Mysterious performance difference

I’m having trouble understanding why Version 1 of this code performs about 10% better when compiled than Version 2. All I do in Version 2 is tidy up the variables to prevent them from being shadowed and remove some redundant functions. Any ideas?

Version 1

transform :: (Ord a, Floating a) => a -> a -> a -> a -> a -> a -> a
transform x0 l1 l2 a b x = lin (tra x x0 l1 l2) a b
  where  tra x x0 l1 l2 = (1-sig x x0) * (yeo x l1) + (sig x x0) * (yeo x l2)
         sig x x0       = 1 / (1 + exp (-50 * (x - x0)))
         lin x a b      = a * x + b
         yeo x l | l /= 0 && x >= 0 = ((x+1)**l - 1) / l
                 | l == 0 && x >= 0 = log (x + 1)
                 | l /= 2 && x  < 0 = -((-x + 1)**(2-l)-1)/(2-l)
                 | otherwise        = -log (-x + 1)

Version 2

transform :: (Ord a, Floating a) => a -> a -> a -> a -> a -> a -> a
transform x0 l1 l2 a b x = a * tra + b
  where tra = (1-sig) * (yeo l1) + (sig) * (yeo l2)
        sig = 1 / (1 + exp (-50 * (x - x0)))
        yeo l | l /= 0 && x >= 0 = ((x+1)**l - 1) / l
              | l == 0 && x >= 0 = log (x + 1)
              | l /= 2 && x  < 0 = -((-x + 1)**(2-l)-1)/(2-l)
              | otherwise        = -log (-x + 1)

Ultimately, measured performance is going to depend on how this function is used in the rest of your program. If you want to analyze how this function performs in isolation, you can use a microbenchmark framework and iterate on it (make small changes and see which one makes larger differences), but at the end of the day, for ±10% differences, it’s going to be difficult to advise you what to do differently without the rest of the program.

Some notes, though:

  • Everything here is lazy. I expect that most if not all of the difference in performance here is due to how many thunks are being allocated when. I recommend measuring allocation counts in addition to wall time, and making all your bindings strict.
  • Being generic in your data type has a performance cost; more optimizations could be done if GHC knows you’re working with Double. GHC might be doing these optimizations already, though; it depends on how this function is used. I recommend dumping the Core and inspecting it to see if the generic or specialized version of these functions is being used; if generic, you might want to try adding SPECIALIZE pragmas.
  • In Version 1, some of your inner functions are floatable up to the top level; in Version 2, they are not. This means that Version 2 shares more than Version 1. Sharing can be a performance boon or penalty, depending on how expensive the computation being shared is relative to the cost of memory access. In this case, I expect the performance is cheap enough that it’s a penalty—but making everything strict can change the calculus, which is why I make that recommendation first.
4 Likes

“If in doubt, bang it out” :slight_smile:

Shebangs all over the place seem to help. Reminds me a little bit of the cut operator in Prolog.

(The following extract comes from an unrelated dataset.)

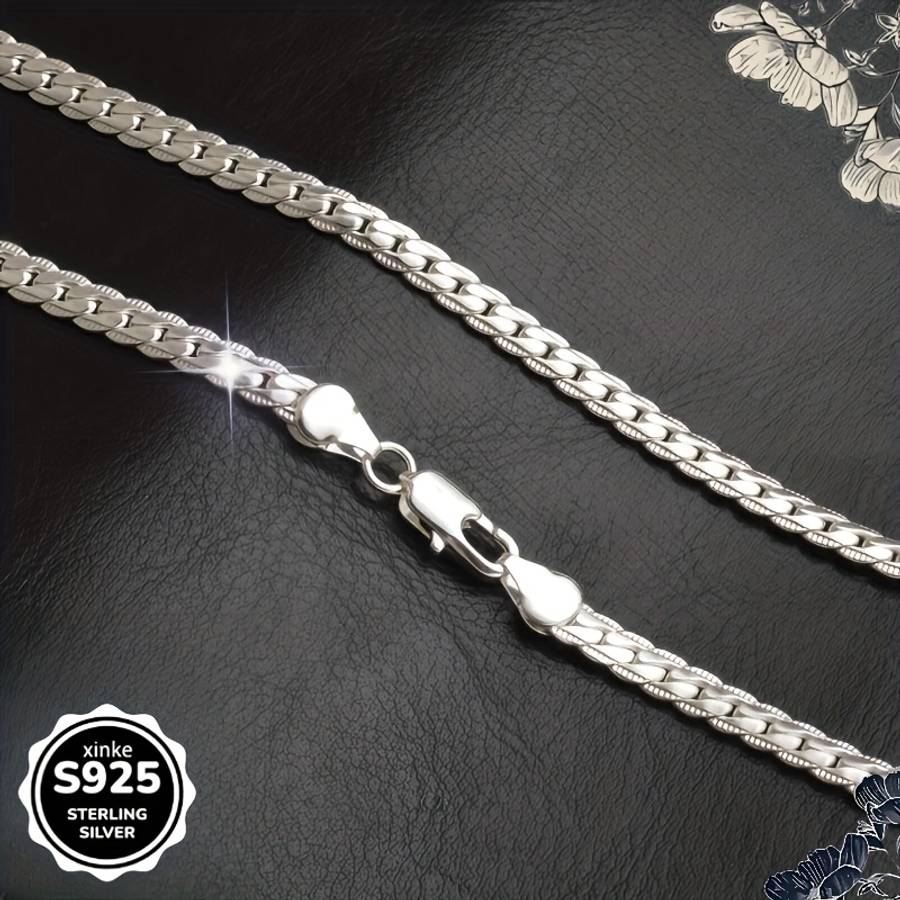 Modern Rhinestone Sterling Silver Embossed Chain Trendy Silver Beach Vacation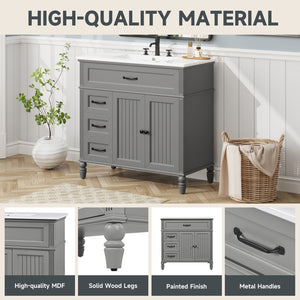English Elm Christopher Knight Home® - 36" Bathroom Vanity with Sink - Freestanding Ceramic Top, Soft-Close Doors & Drawers, Robust Craftsmanship Grey N759P340019E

I’ve definitely written code where bangs make the performance worse!

If in doubt, I measure allocations. They’re a much more stable metric than time, so it’s easier to do A/B testing on small tweaks to see what’s helping and what’s hurting.

In this case, though, every function uses every argument unconditionally, so there’s absolutely nothing gained by deferring the evaluation of the argument. But GHC doesn’t know that because these functions are generic; if + or * are non-strict on one or more of their arguments, there might be some benefit to allocating thunks. Informing GHC that no, you (probably???) don’t intend to build towers of thunks in some abstract numeric data type, is going to make a difference.

2 Likes